Ninguna de estas opciones es éticamente pura. Todas implican costos.

Y aquí es donde el caso Lafarge deja de ser un episodio lejano para convertirse en un espejo incómodo.

Es importante no simplificar.

Guerra y narco, no es lo mismo… pero ¿se parecen?

El caso Lafarge ocurrió en un contexto donde una multinacional tomó decisiones para mantener operaciones en un entorno de conflicto armado complejo, con múltiples actores y riesgos evidentes. Había capacidad de análisis, recursos y, en última instancia, posibilidad de retirada (como el resto de los competidores).

En México, el contexto suele ser distinto: la extorsión no es una variable estratégica, sino una imposición directa.

Esto introduce una distinción fundamental para cualquier análisis serio de ESG:

No todas las empresas operan con el mismo grado de libertad moral.

Exigir el mismo estándar a una multinacional global que a un negocio bajo amenaza directa no solo es injusto, sino analíticamente incorrecto.

Los marcos de sostenibilidad —ESG, ODS, estándares internacionales— parten de una premisa implícita: la existencia de instituciones funcionales y un mínimo de Estado de derecho.

Pero ¿qué ocurre cuando esa premisa no se cumple?

En regiones donde la ilegalidad sustituye al Estado, las empresas operan en lo que podríamos llamar “territorios capturados”. Ahí, conceptos como debida diligencia, prácticas justas de operación o incluso cumplimiento normativo se vuelven más complejos, cuando no contradictorios.

Esto no invalida el ESG, pero sí expone sus límites.

¿El ESG es maleable?

La sostenibilidad corporativa, en estos contextos, deja de ser un ejercicio técnico para convertirse en un dilema profundamente político y ético.

Existe además un riesgo reputacional creciente: el desfase entre el discurso y la realidad.
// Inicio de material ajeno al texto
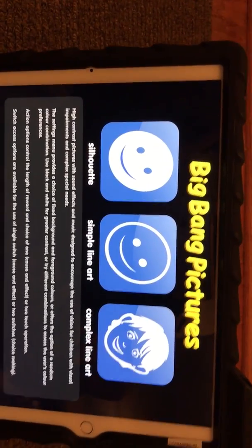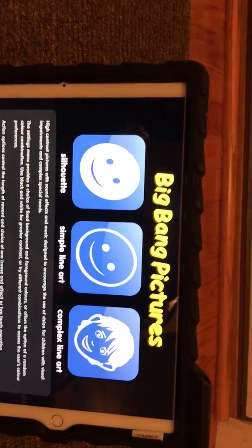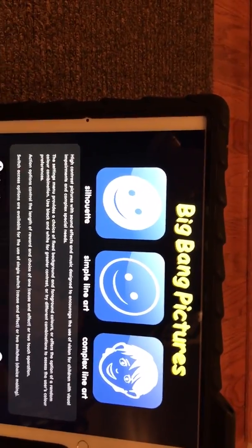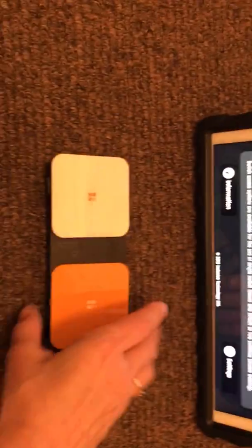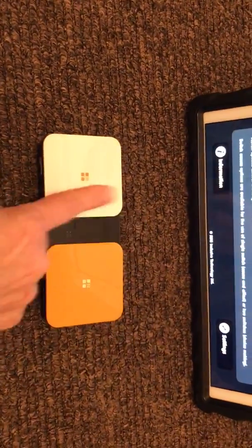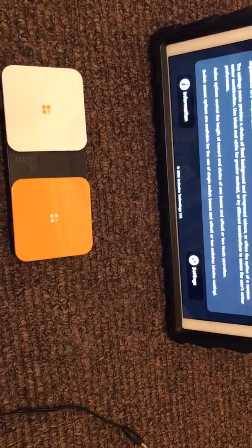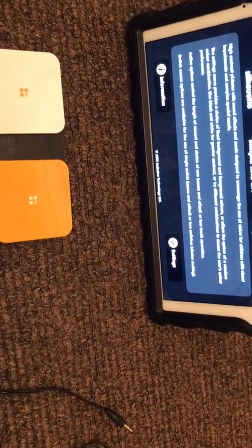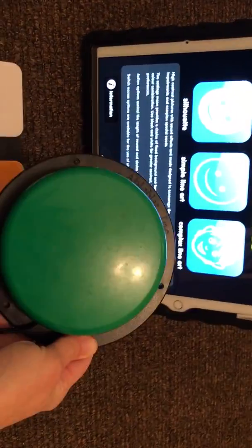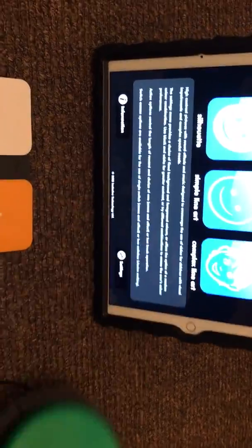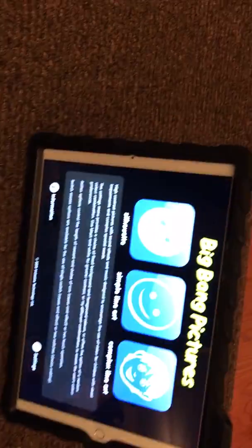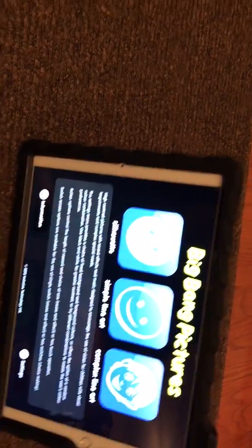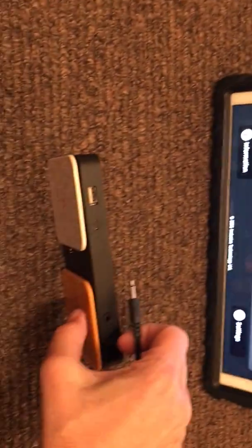If you don't want to use the actual Bluetooth switch and you have an external switch—if you have a jelly bean switch or something else that your student really likes—you have to give it a plug-in and you can do that right here on your Bluetooth switch.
Empresas que reportan avances en sostenibilidad, diversidad o gobernanza pueden, al mismo tiempo, operar en entornos donde enfrentan —y gestionan— dinámicas de extorsión o control territorial.
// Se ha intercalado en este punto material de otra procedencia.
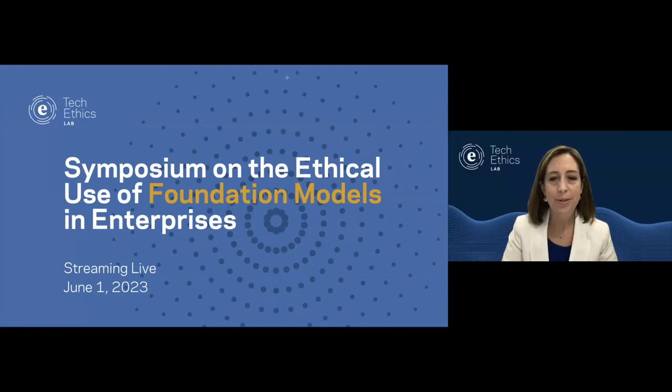Good morning and welcome to the Symposium on the Ethical Use of Foundation Models and Enterprises, organized and hosted by the Notre Dame IBM Technology Ethics Lab. I'm Erin Clawiter, the Lab's Managing Director, and I'm pleased to join you from the campus of the University of Notre Dame, where Notre Dame faculty collaborate with researchers at IBM to provide practical models and applied solutions for ethical technology design, development, and deployment. We also support applied projects initiated by researchers across the world, many of whom are joining us here today.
No se trata necesariamente de hipocresía. Muchas veces se trata de silencio, ambigüedad o falta de herramientas para abordar el problema.

Pero el efecto es el mismo: una grieta en la credibilidad.

El caso Lafarge obliga a formular una pregunta que rara vez se plantea en voz alta:

¿Es más responsable cerrar una operación —dejando sin empleo a cientos o miles de personas— o mantenerla bajo condiciones que implican interactuar con estructuras ilegales?

No hay una respuesta sencilla.

Y quizá el error está en buscarla solo dentro de la empresa.

Este tipo de dilemas no pueden resolverse únicamente desde el ámbito corporativo.

Son el resultado de fallas sistémicas donde intervienen el Estado, incapaz de garantizar seguridad y legalidad; reguladores que no abordan estos contextos; corrupción, arraigada en todas las estructuras (aunque se niegue en el discurso); inversionistas que exigen estándares sin considerar realidades territoriales; y consumidores que rara vez preguntan bajo qué condiciones operan las empresas.

En este sentido, el problema no es solo empresarial. Es estructural.

caso Lafarge

Reflexiones finales del caso Lafarge para México

El caso Lafarge no es una anomalía lejana. Es una advertencia.

Muestra que los mayores riesgos para una empresa no siempre provienen de malas intenciones, sino de operar en contextos donde lo legal, lo ético y lo posible dejan de alinearse.

En esos territorios, la sostenibilidad no se define en reportes ni en indicadores.

Se define en decisiones difíciles, muchas veces invisibles, donde ninguna opción es completamente correcta.

Y es ahí —no en los discursos— donde realmente se pone a prueba la responsabilidad corporativa.